Problems With Your Plumbing?
How to identify and prevent UTIs
It’s always frustrating when things break down: The car is making an odd noise, the computer just won’t start or that leak is back in the kitchen sink. The big challenge is trying to find the root of the problem so you can address it properly.
The same is true with the body. One common, hard-to-diagnose problem is a Urinary Tract Infection (UTI). The symptoms are wholly uncomfortable and, if left untreated, can lead to serious problems. That’s why it’s so important to catch these infections early.

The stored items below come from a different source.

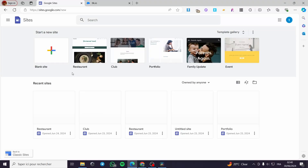How to add a chat room to Google Sites. Hello guys and welcome to this new tutorial. Today I'm going to show you how you can add a chat room or a chat box to your Google Sites. It is very easy and simple. All you have to do is follow the tutorial from beginning to end and you will be good to go.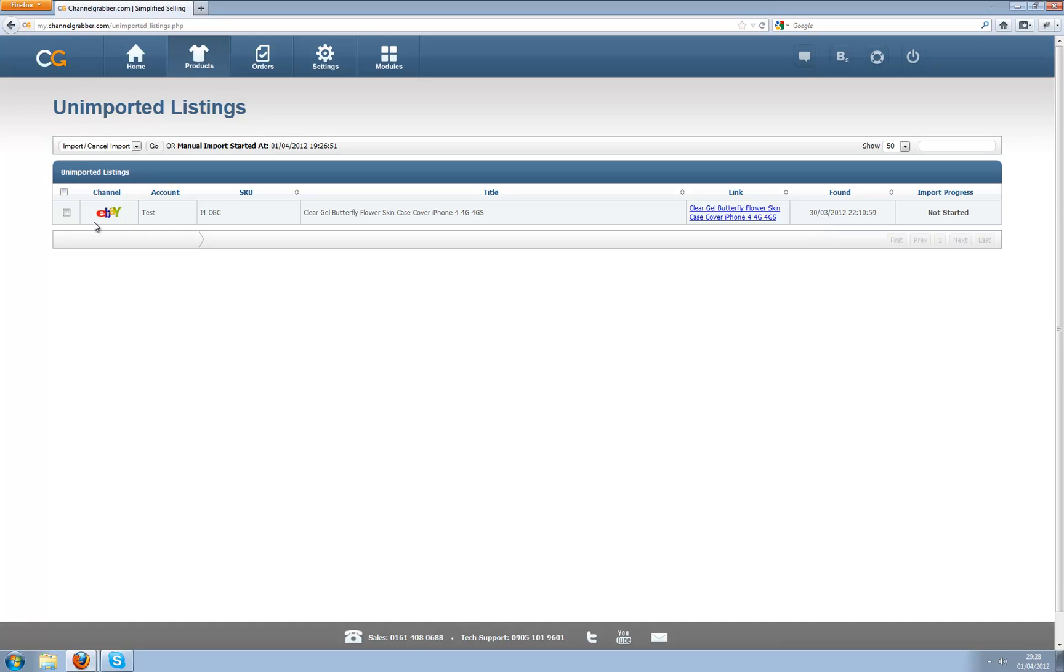The reason why we did this is because before some people had listings that they never knew were not in Channel Grabber and now because we automate it and check nightly, we can ensure that every single listing is imported into Channel Grabber or at least presented to you to be able to see whether you want to import it.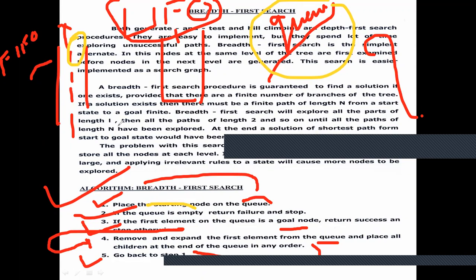If the queue is empty it means we did not find the particular information we were searching for, so we need to stop and return failure. That is what step two says. Coming to step three: if the first element of the queue is a goal node, then return success and stop.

How common are they? According to Emory School of Medicine in Atlanta, Ga., over 50 percent of women will have at least one UTI in their lifetime. And 81 percent of UTIs occur in females—but men, that doesn’t mean you’re off the hook! Anyone at any age can get one.

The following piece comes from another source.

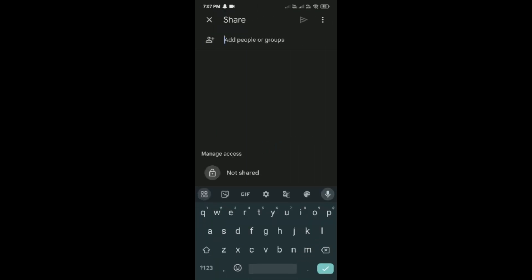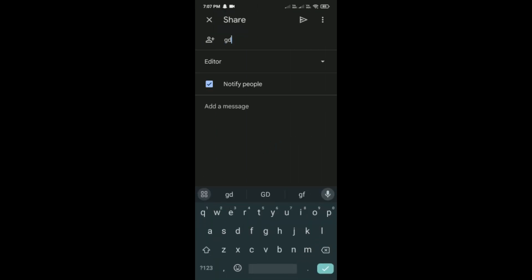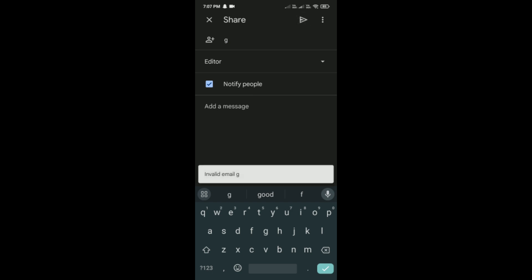And then here you have to add people or their name, and after that here you can see this send option here on the top right corner, here besides these three dots. Click on it. So like this here you can do it.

UTIs become uncomfortable—even painful—over time, but early on can seem like a minor, passing issue. Especially in older patients, the symptoms are often mistaken for other problems, which can delay treatment. When left untreated, the infection can spread throughout the urinary tract and damage everywhere it sets in. Damage in the upper tract near the kidneys is especially dangerous, and in the lower tract it’s downright painful, similar to what you might feel with a kidney stone.
- Frequent and/or persistent need to urinate
- Cloudy urine
- Strong odor
- A low-grade fever
- Blood in the urine
- Pain or burning sensation while going
- Pelvic pain (women may be more likely to have this)

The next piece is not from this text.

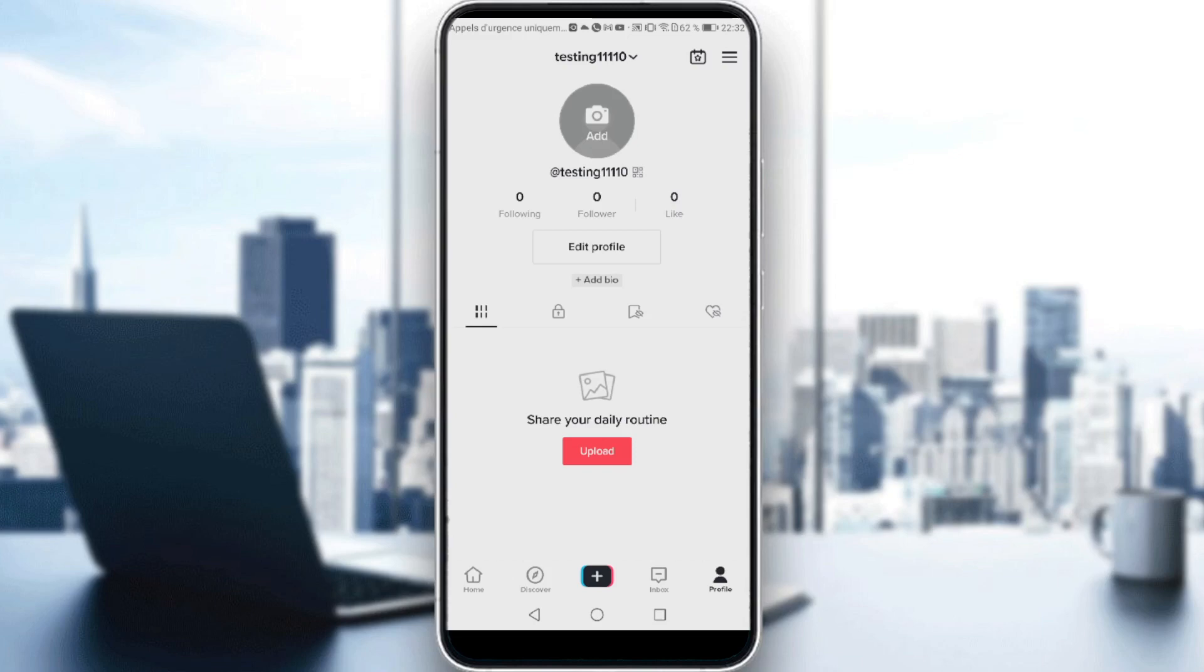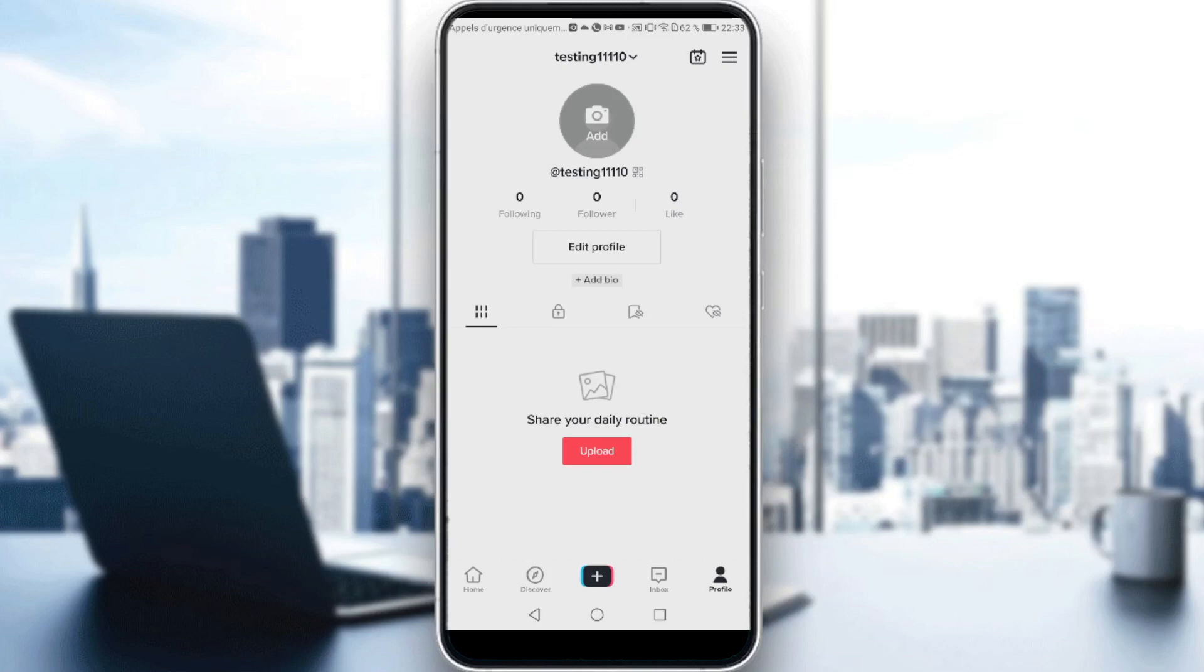Then you have two other conditions. You should have 100,000 views in the last 30 days. And the last thing, you need to add only original content. You shouldn't share other people's content on your profile. It should be all original content. So that's the requirements you need to match if you want to join Creator Fund and start getting paid from your TikToks.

Easy to Treat. Even Easier to Prevent.
Preventing a UTI is definitely the easy route. Get into the habit of drinking a glass of water after exercise and meals. Cranberry juice also has some preventive properties, so drink a glass a few times a week. And go to the bathroom on a regular schedule. Be sure to tell your doctor if you have any problem getting enough fluids or with bladder leaks.
It’s worth noting that things like poor hygiene, family history and sexual activity all make a UTI more likely. If you do wake up in the morning and find yourself with some of the above symptoms, it’s a good bet that the root of the problem is a UTI. Treatment is usually quite simple and straightforward, with a cycle of antibiotics clearing it up in short order.
A quick check-in with your doctor can get things running smoothly again in no time. Probably easier than getting the kitchen sink to stop leaking…that’s a different type of plumbing entirely!
Having diabetes (especially Type 2) greatly increases the chance of a UTI. More importantly, diabetes makes identifying a UTI more challenging. Diabetes affects blood flow and your sensitivity in particular. When it comes to UTIs, this is an issue because:
- Less blood flow means less turnover, which means there’s a higher chance of an infection setting in.
- Less sensitivity means you’re less likely to notice early stages of discomfort.